The council establishes accounting, auditing and actuarial standards for the U.K. and the Republic of Ireland.
The U.K. on March 29 formally triggered the procedure to divorce the country from the EU, known as Brexit.
After the separation is complete—a process expected to take up to two years to finalize—the U.K. no longer will transpose into national law the IFRS that the EU approves and incorporates into legislation.
As a result, the U.K. either will have to choose an existing system for setting accounting standards or create a new one.
No U.K. industries in particular would feel Brexit’s impact on their accounting and auditing activities “unless we change the requirements, which we are not doing,” Timberlake said.

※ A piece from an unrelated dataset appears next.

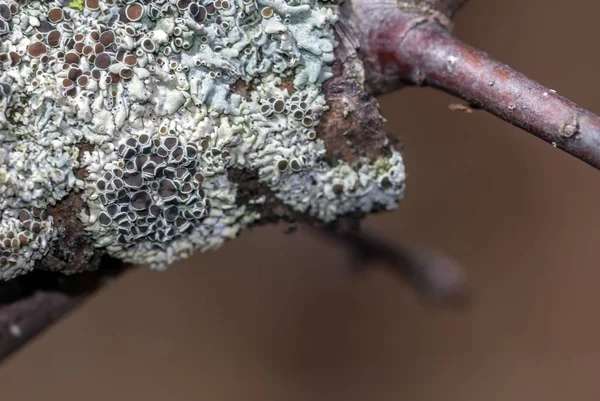 Mushrooms growing next to each other on a piece of a tree branch — 스톡 사진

Brexit also wouldn’t change IFRS already adopted in the U.K., he said in June 2016, unless Parliament votes to amend or repeal particular standards.
“Parliament and the government will have to decide which parts of (EU) legislation will be discarded, and it can’t be assumed that every piece of legislation will be overturned,” Timberlake said last year.
FRC will continue to participate in European accounting and auditing bodies as the Brexit process moves ahead, according to Timberlake’s March 28 email.
This includes working with the Committee of European Auditing Oversight Bodies (CEAOB)—formerly known as the European Audit Inspection Group—and the European Financial Reporting Advisory Group (EFRAG), both of which collaborate with the European Commission.
The council contributes funding to EFRAG and serves on the group’s 16-member governing body, the General Assembly.
FRC’s roles in EFRAG and CEAOB once Brexit takes effect—including whether to continue providing financial support to EFRAG—still must be determined.
“Our participation after the UK leaves the EU will depend on the terms of Brexit,” Timberlake said.
FRC doesn’t plan to address any EU standards over the next two years as Brexit negotiations proceed, he said.
Any additional disclosure requirements for audits that the EU might adopt, for example, would be handled though the council’s international standards on audit (ISA).
“If further EU legislation required the inclusion of further information in an annual report, auditors will audit that in accordance with ISA (UK) 720,” Timberlake said.
Amid Brexit uncertainty over the next few years, FRC won’t sit back and simply watch events unfold, the council said in a February 2017 report on auditing.
Along with enhancing audit enforcement, “our proposed priorities also include playing an active role with other regulators in helping address the challenges and opportunities of Brexit and remaining influential internationally,” it said.